Tag: graph

Methodology of a visualization

Introduction

Visual representations of data offer a quick way to express a lot of information. As the old adage goes, a picture is worth a thousand words. One of the facets of digital humanities research is providing information in the form of visuals: graphs, maps, charts, etc.

I was already writing up some notes on a visualization I was creating for the dissertation when I read this excellent blog post by Fred Gibbs (a version of a presentation at the AHA 2015). In this essay I think Fred accurately identifies the digital humanities field as one in need of stepping up to the next level. It is no longer enough to present visuals as humanities research, but it is time to start critiquing what is presented, and for researchers to start explicitly explaining the choices that went into creating that visualization.

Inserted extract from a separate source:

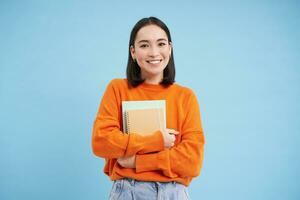 formazione scolastica e studenti. contento asiatico donna, Tenere i Quaderni e ridendo, sorridente a telecamera, gode andando per Università o Università, blu sfondo foto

With those thoughts in mind, I present the methodology, the decisions, and the visualization of over 200 deaths at the KZ Porta Westfalica Barkhausen, during a one year period.

A change is happening (at least for me) in how data is analyzed. I have a spreadsheet of over 200 deaths, with various information, death date, location, nationality, etc. The desire to create a visualization came from wanting to understand the data and see the commonalities and differences. The first question I had was how many nationalities are represented, and which countries. The second question is what is the distribution of the deaths by month.

The following is how I came to a visualization that answers the first question.

Data Compilation

Data is taken from two locations and merged.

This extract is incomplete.